- **Material to process**:
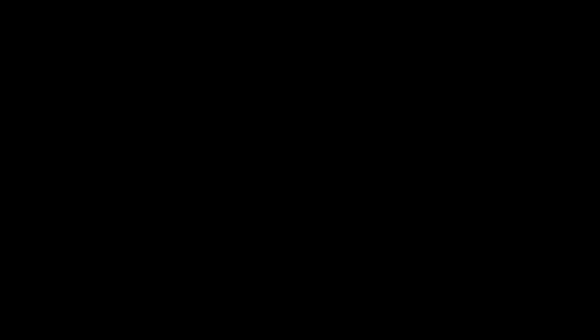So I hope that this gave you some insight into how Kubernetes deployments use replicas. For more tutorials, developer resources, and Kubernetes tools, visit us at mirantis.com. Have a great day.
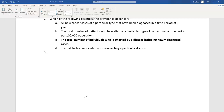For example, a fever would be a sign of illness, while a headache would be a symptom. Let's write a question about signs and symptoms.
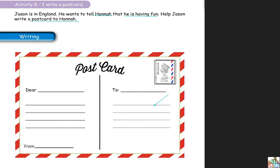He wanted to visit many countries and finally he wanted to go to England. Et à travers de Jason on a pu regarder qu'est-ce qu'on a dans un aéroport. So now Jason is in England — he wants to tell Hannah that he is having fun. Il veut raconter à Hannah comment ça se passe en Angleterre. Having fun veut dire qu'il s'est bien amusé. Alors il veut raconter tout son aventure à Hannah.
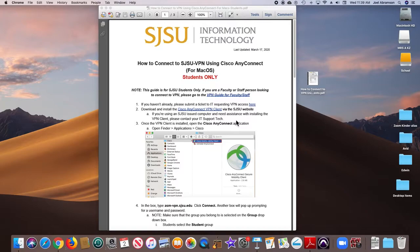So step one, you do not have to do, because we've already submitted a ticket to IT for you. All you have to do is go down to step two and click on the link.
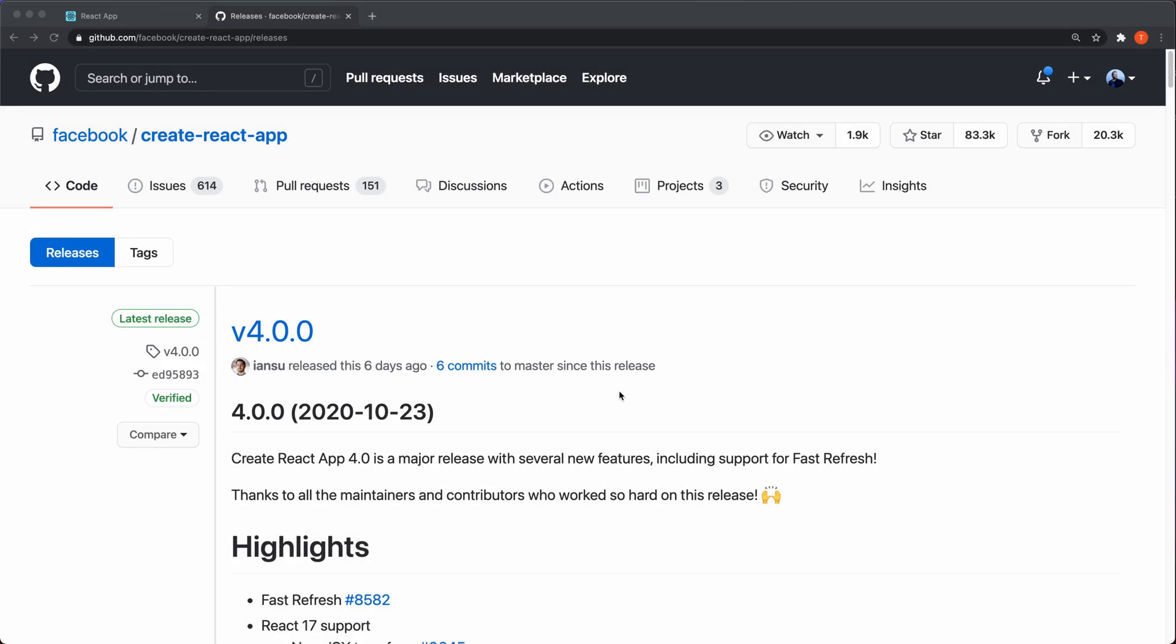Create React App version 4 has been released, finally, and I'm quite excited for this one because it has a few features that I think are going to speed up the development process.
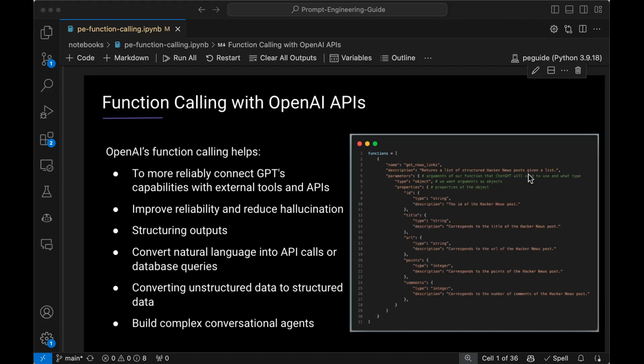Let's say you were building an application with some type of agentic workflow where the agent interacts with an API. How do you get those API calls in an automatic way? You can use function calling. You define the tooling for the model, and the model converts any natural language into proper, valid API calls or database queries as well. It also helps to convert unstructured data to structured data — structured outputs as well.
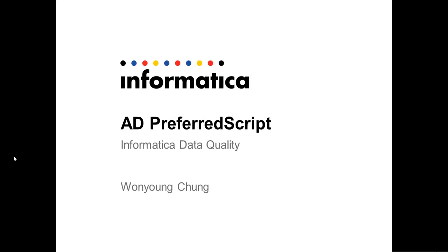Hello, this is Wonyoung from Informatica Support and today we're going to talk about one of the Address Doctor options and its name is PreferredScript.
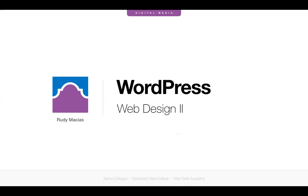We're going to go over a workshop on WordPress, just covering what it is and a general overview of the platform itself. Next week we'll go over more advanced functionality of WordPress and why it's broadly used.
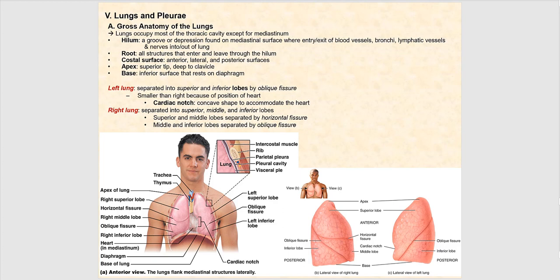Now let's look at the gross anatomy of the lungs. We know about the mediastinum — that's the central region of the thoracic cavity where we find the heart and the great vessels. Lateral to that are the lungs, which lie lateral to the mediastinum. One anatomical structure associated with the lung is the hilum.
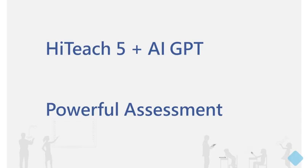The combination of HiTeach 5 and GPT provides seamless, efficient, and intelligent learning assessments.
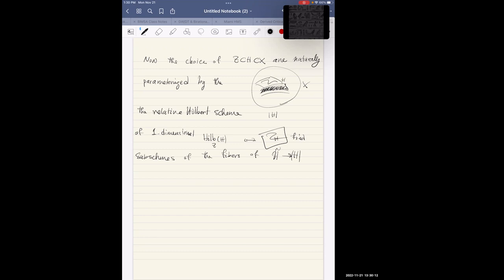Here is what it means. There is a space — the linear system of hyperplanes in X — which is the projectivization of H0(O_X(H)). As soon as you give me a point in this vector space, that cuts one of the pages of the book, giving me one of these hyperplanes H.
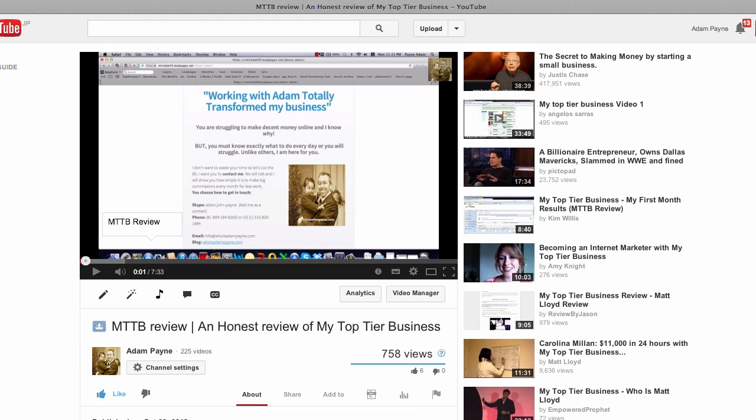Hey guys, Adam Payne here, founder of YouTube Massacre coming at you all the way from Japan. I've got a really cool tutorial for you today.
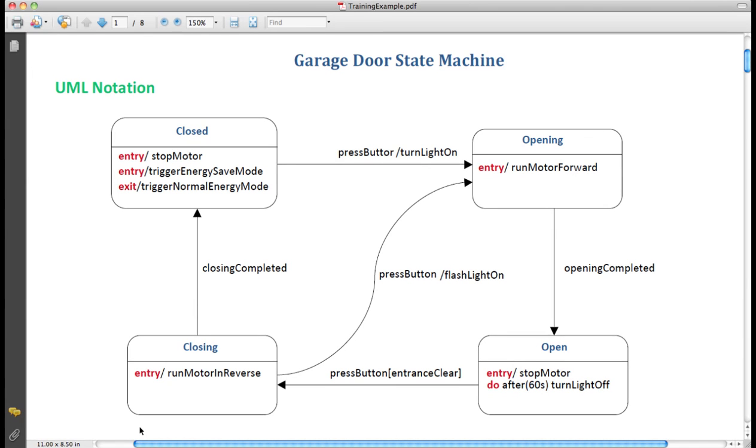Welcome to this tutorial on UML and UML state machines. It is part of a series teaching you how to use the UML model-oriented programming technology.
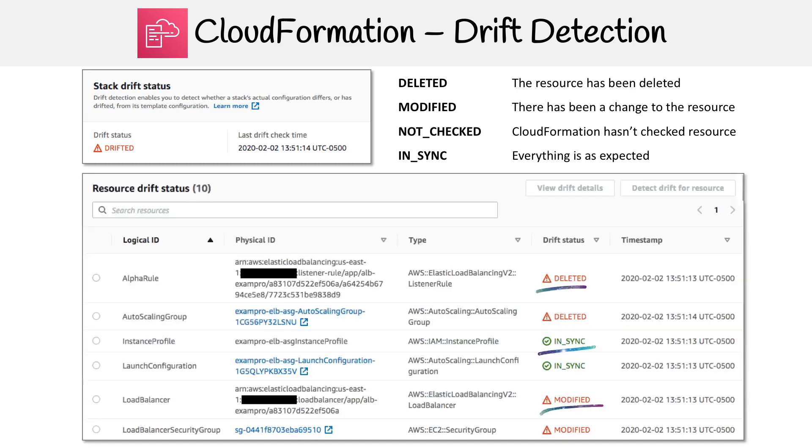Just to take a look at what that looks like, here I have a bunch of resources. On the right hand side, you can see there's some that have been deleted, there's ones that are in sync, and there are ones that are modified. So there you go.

--

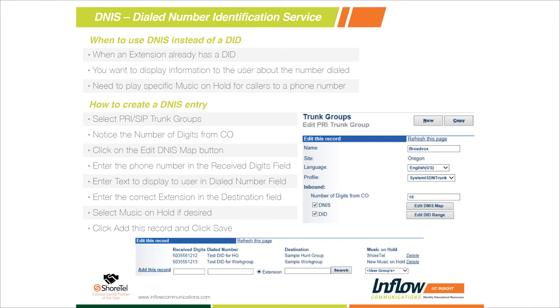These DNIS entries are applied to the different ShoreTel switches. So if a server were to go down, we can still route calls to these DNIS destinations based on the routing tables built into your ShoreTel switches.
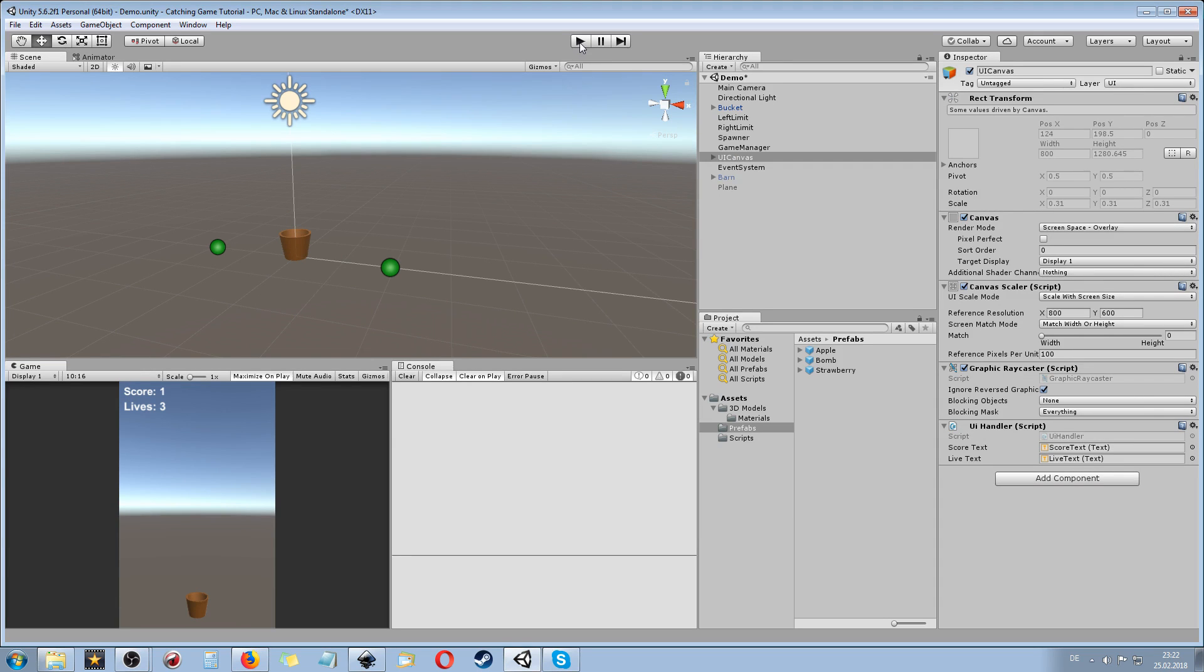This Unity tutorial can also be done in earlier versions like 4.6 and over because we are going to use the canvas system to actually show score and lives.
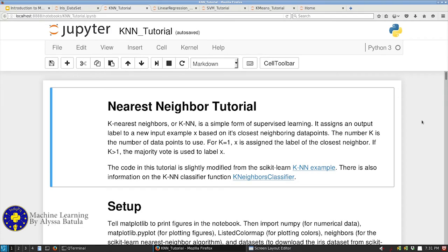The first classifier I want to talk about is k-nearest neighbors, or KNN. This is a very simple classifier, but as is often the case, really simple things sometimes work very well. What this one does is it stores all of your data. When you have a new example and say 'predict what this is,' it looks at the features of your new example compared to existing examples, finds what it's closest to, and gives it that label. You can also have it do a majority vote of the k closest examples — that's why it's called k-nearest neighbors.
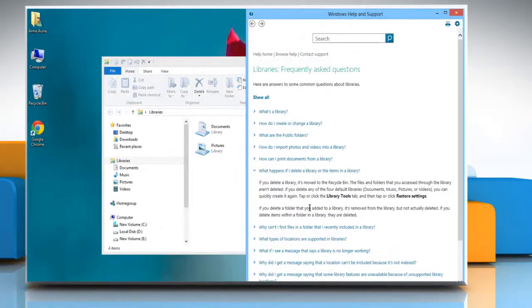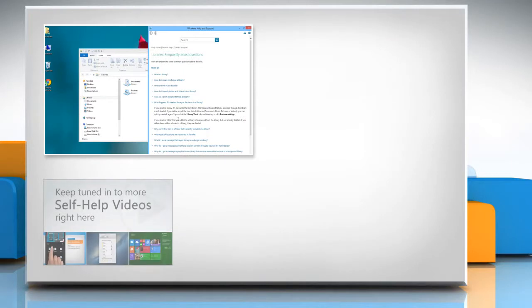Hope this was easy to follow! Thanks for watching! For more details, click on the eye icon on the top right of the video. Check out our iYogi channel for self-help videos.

- **Action item**: From the listing above, please give again the lines that begin with the line holding "Now let's look" and go on through the line holding "Just to take", exactly, both ends included, minus any picture.

- **Exercise solution**:
Now let's look at the gross anatomy of the lungs. We know about the mediastinum — that's the central region of the thoracic cavity where we find the heart and the great vessels. Lateral to that are the lungs, which lie lateral to the mediastinum. One anatomical structure associated with the lung is the hilum.
The combination of HiTeach 5 and GPT provides seamless, efficient, and intelligent learning assessments.
Here is what it means. There is a space — the linear system of hyperplanes in X — which is the projectivization of H0(O_X(H)). As soon as you give me a point in this vector space, that cuts one of the pages of the book, giving me one of these hyperplanes H.
Hey guys, Adam Payne here, founder of YouTube Massacre coming at you all the way from Japan. I've got a really cool tutorial for you today.
Welcome to this tutorial on UML and UML state machines. It is part of a series teaching you how to use the UML model-oriented programming technology.
Just to take a look at what that looks like, here I have a bunch of resources. On the right hand side, you can see there's some that have been deleted, there's ones that are in sync, and there are ones that are modified. So there you go.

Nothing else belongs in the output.